💡 This example will show how to calculate an aggregate or cumulative value based on a group of rows using an
OVER
window. A typical use case are rolling aggregations.
The source table (temperature_measurements
) is backed by the faker
connector, which continuously generates rows in memory based on Java Faker expressions.
OVER window aggregates compute an aggregated value for every input row over a range of ordered rows. In contrast to GROUP BY aggregates, OVER aggregates do not reduce the number of result rows to a single row for every group. Instead, OVER aggregates produce an aggregated value for every input row.
The order needs to be defined by a time attribute. The range of rows can be defined by a number of rows or a time interval.
In this example, we are trying to identify outliers in the temperature_measurements
table.
For this, we use an OVER
window to calculate, for each measurement, the maximum (MAX
), minimum (MIN
) and average (AVG
) temperature across all measurements, as well as the standard deviation (STDDEV
), for the same city over the previous minute.
As an exercise, you can try to write another query to filter out any temperature measurement that are higher or lower than the average by more than four standard deviations.

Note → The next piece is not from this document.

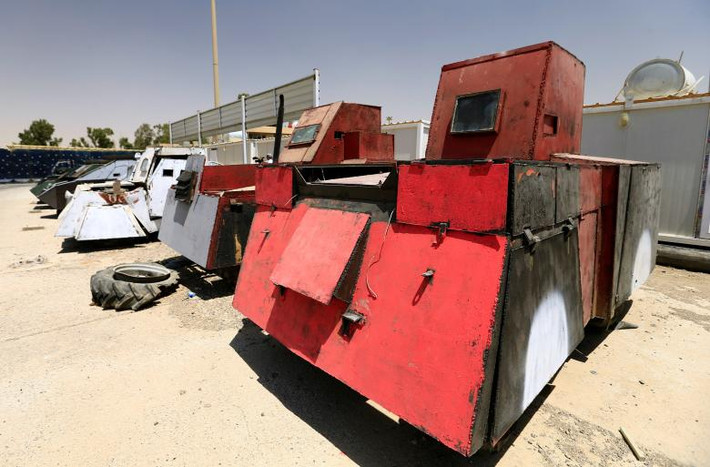 Những chiếc xe bom do IS chế tạo bị tịch thu và đưa về trụ sở Cảnh sát Liên bang Iraq ở thành phố Mosul ngày 31/7. Ảnh: Reuters.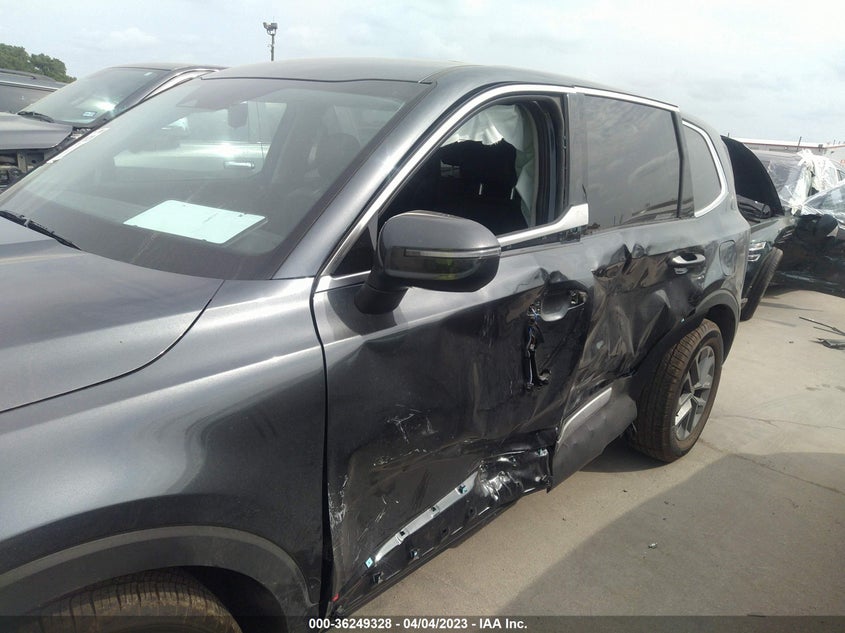 VIN 5XYP2DGC1PG361533 2023 KIA TELLURIDE LX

CREATE TEMPORARY TABLE temperature_measurements (
measurement_time TIMESTAMP(3),
city STRING,
temperature FLOAT,
WATERMARK FOR measurement_time AS measurement_time - INTERVAL '15' SECONDS
)
WITH (
'connector' = 'faker',
'fields.measurement_time.expression' = '#{date.past ''15'',''SECONDS''}',
'fields.temperature.expression' = '#{number.numberBetween ''0'',''50''}',
'fields.city.expression' = '#{regexify ''(Chicago|Munich|Berlin|Portland|Hangzhou|Seatle|Beijing|New York){1}''}'
);
SELECT
measurement_time,
city,
temperature,
AVG(CAST(temperature AS FLOAT)) OVER last_minute AS avg_temperature_minute,
MAX(temperature) OVER last_minute AS min_temperature_minute,
MIN(temperature) OVER last_minute AS max_temperature_minute,
STDDEV(CAST(temperature AS FLOAT)) OVER last_minute AS stdev_temperature_minute
FROM temperature_measurements
WINDOW last_minute AS (
PARTITION BY city
ORDER BY measurement_time
RANGE BETWEEN INTERVAL '1' MINUTE PRECEDING AND CURRENT ROW
)